Snuggle Muffins ran inside and sat down by Noah's feet.

That little traitor. Get back over here. But Snuggle Muffins didn't move.

"Having fun?" Noah asked.

I swallowed hard. "Yes?" My voice came out squeaky and high pitched. "What's up?" Maybe he'd forgotten the past few days the same way he’d forgotten about the rest of his life? Fingers crossed.

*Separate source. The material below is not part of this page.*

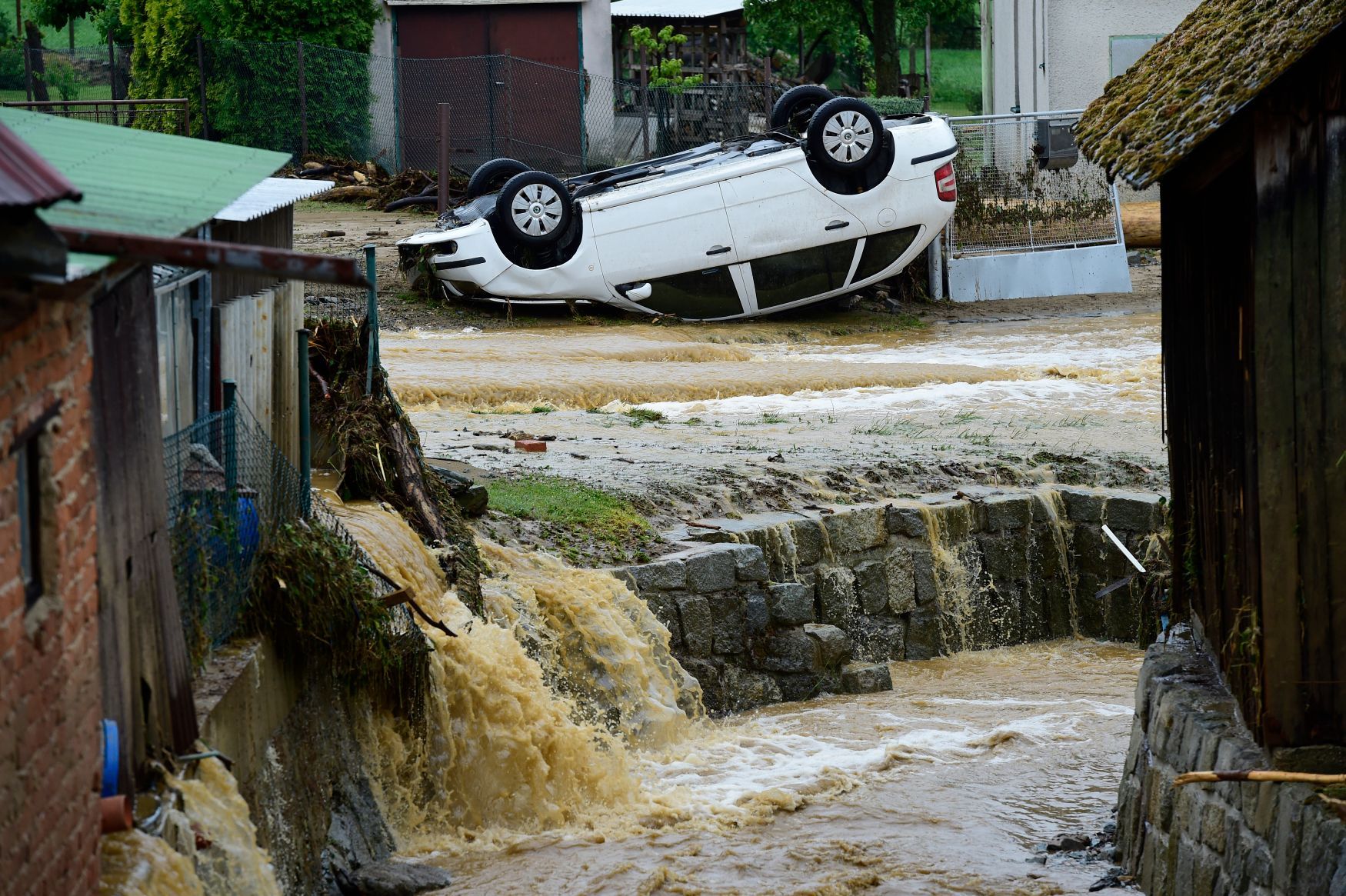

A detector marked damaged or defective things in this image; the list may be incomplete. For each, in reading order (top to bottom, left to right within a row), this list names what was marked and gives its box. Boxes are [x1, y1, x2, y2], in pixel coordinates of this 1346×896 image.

overturned white car [400, 89, 960, 321]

"I think you know what's up...Ensley."

Oh. No. Him knowing my name was not a good indicator of him not remembering. But I had a Christmas tree. I shook my head. More importantly...I had a freaking axe. I brought both inside and then locked the door behind me. It seemed that my plan to drug him had backfired. But Noah had brought shovel hands to an axe fight. Simpleton. I just hoped his blood wouldn't splatter on the kitchen stools. Blood was very hard to get out of upholstery.

Chapter 22

Sunday

For a few seconds we just stared at each other, waiting for the other person to make the first move. It reminded me of our proposal. We'd been watching the sunset from the boardwalk. I'd felt this nervous energy in the air. I was pretty sure he had been about to break up with me, so I hadn't said a word. I'd just tried to hold on to the moment. But after the most awkward stretch of time, he’d gotten down onto one knee and proposed.

But Noah wasn't about to propose now. He was about to kill me. And I didn't need to pretend that it wasn't about to happen. Because I was going to kill him first. For some reason my eyes were glued to his perfect abs instead of where I needed to slice his throat. Shake it off. It's go time. Before I could lift my axe in the air, though, the jerk started talking.